Don’t cut up or alter your existing patterns, since you may want them later. Trace the old pattern exactly as it is onto the patterning paper, then start making adjustments on the new pattern.  I have a note on the old pattern that suggests adding some width to the back, so I am including that now.

The Spanish 16th century tailor pattern book by Juan de Alcega has an interesting ‘backward’ shoulder strap that I’d like to try, so I am altering the front piece to include that backward strap. In theory, this angle will provide a wider neckline, while still hugging the shoulder so the strap doesn’t fall off your shoulder from the weight or pull of your sleeves.

As you can see, I am having a bit of trouble deciding exactly how much I want to alter the strap angle.

Once you are satisfied with your new pattern adjustments, it’s time to cut it out! Now, if I had been clever, I would have measured 1 cm or 3/8ths of an inch out from the sharpie for seam allowance, but I didn’t, so this is means I will have to add seam allowance each time I trace this pattern onto fabric. This can be handy if your seam allowance varies for different fabric, but I nearly always do 1 cm, so this wasn’t a great choice on my part.

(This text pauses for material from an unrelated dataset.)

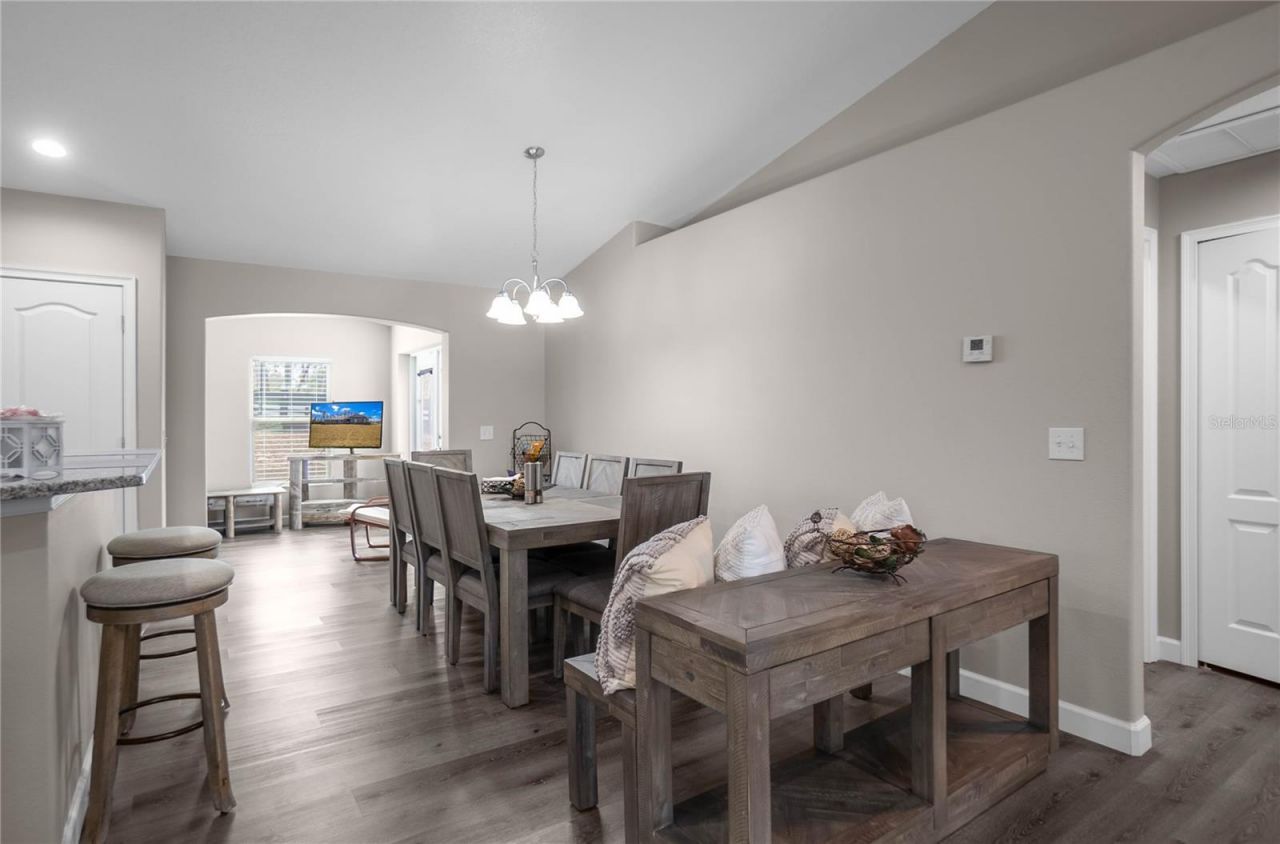 4330 W Drake Lane , Dunnellon, FL 34433 Photo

Make sure to check any seams that meet, like the shoulder seam and side seam, to see that they are the same size. You don’t want to try to join a 10 inch seam to a 12 inch seam. Don’t forget to label your new pattern!

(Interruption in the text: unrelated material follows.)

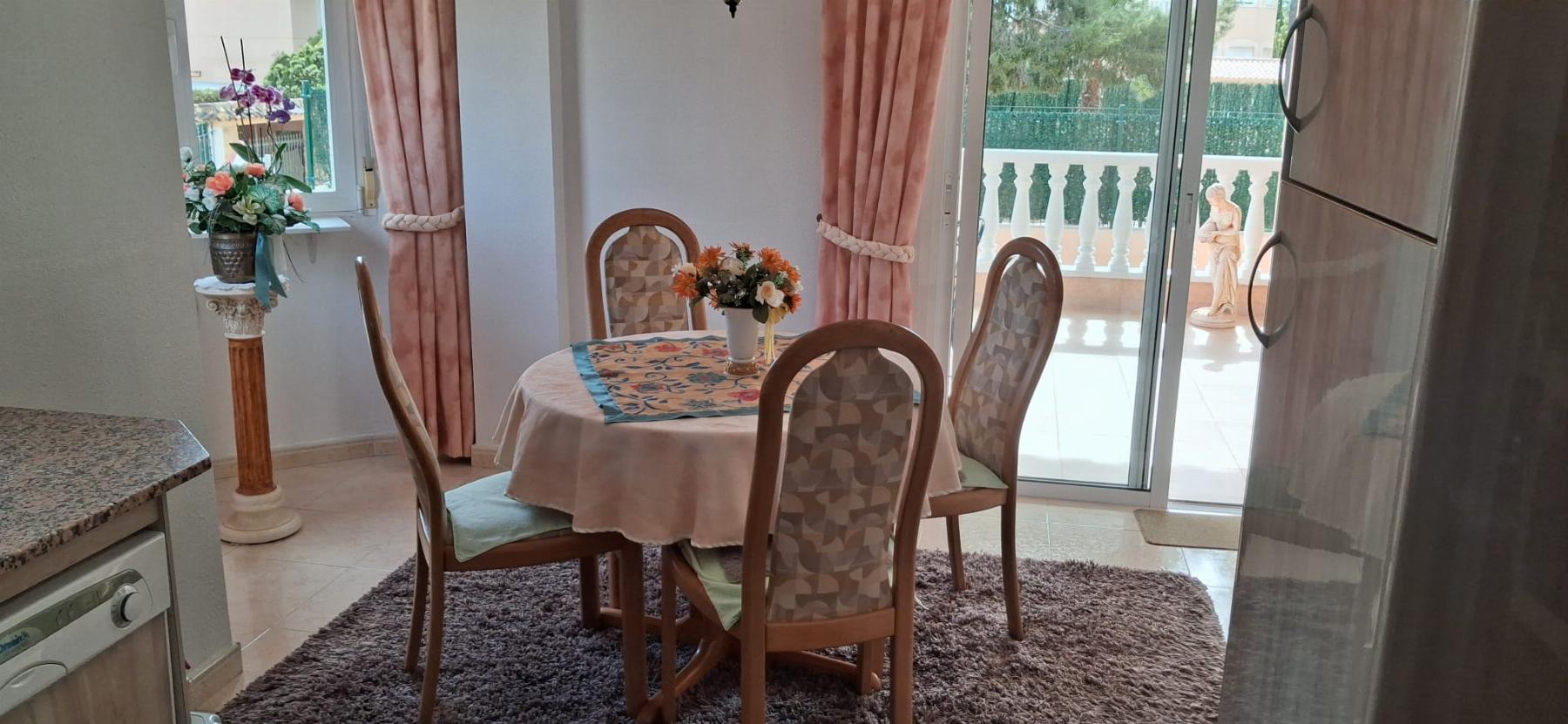 Venta de chalet en Benferri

With any new pattern, even one with only minor changes from one you have already used, you should always make a mock up. This fabric is just some quilting cotton I had lying around, but I would recommend using a fabric that is as close as possible to your final product. Since my bodice will eventually be made with two layers of canvas, and a silk fashion layer, this cotton was also a poor choice. You’ll see later that it comes back to haunt me.

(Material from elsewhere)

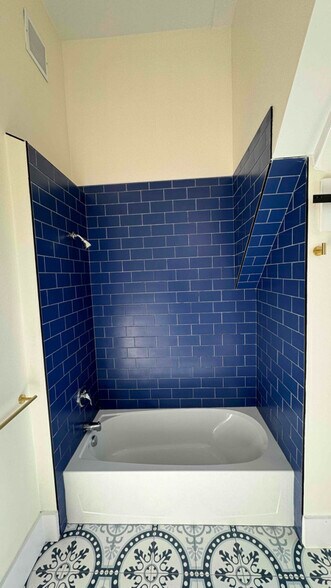 Building Photo - 177 Chestnut St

This method of construction is called Bag Lining, which is great because it is quick and produces a very clean looking finish, but not perfect since it is not a typical construction method for 16th century clothing. But if you sew with a modern sewing machine, it’s pretty darn handy. To bag line, you sew all of the outer fabric pieces together, then all the lining pieces, and then you join these the outer and lining fabrics. Once you clip the corners, you turn the whole thing inside out, and use something pointy to poke out all the corners.

Normally it’s easy to tell which side is which, but since I am using the same fabric for both sides here, there isn’t really any difference between the lining and fashion fabric.

Time to iron everything smooth! I use a sort of pinching method to make sure that the edges are as truly far out as they can be, and that there’s no fabric tucked up inside. Once you sew something with a bag lining you’ll know what I mean.

It is tempting to skip ironing, especially for a mockup, but see how lumpy and goofy that strap is? Ironing will take care of that, and allow me to see the true edges of the bodice.

Once we are all ironed up, it’s time to sew the strap seam! This isn’t the cleanest finish, but for a mockup, it’s ok.

Now for my favorite bit, we get to try it on! The mockup has no rigidity yet, so I am using some stays to help provide a conical shape for the mockup. I highly recommend test fitting your project often! It helps you catch fitting issues as soon as possible! I have decided that it fits well enough to start the boning channels.

Tools! I have craft scissors and a couple jewelry cutters, and a bundle of extra big zipties! I cut each of the ties to the size of the front opening, clipped off the sharp corners, inserted it through an opening in the bodice edge, then stitch a line with a zipper foot to snug it up to the edge. The second channel space is empty, since that is where my lacing holes will go. Keep cutting and sewing until you have a fully armored front!

It’s try on time again!

I took in the straps, and the side seam a little to snug it up a bit. I like to use a tapestry or yarn needle and some narrow ribbon to lace up my bodices. Once laced in, give some wiggle, jiggle, and movement to see if it feels good. Sometimes I will wear a new mock up around the house for a couple hours to see if any fit issues arise with time. You want to know asap if something is too loose or too tight!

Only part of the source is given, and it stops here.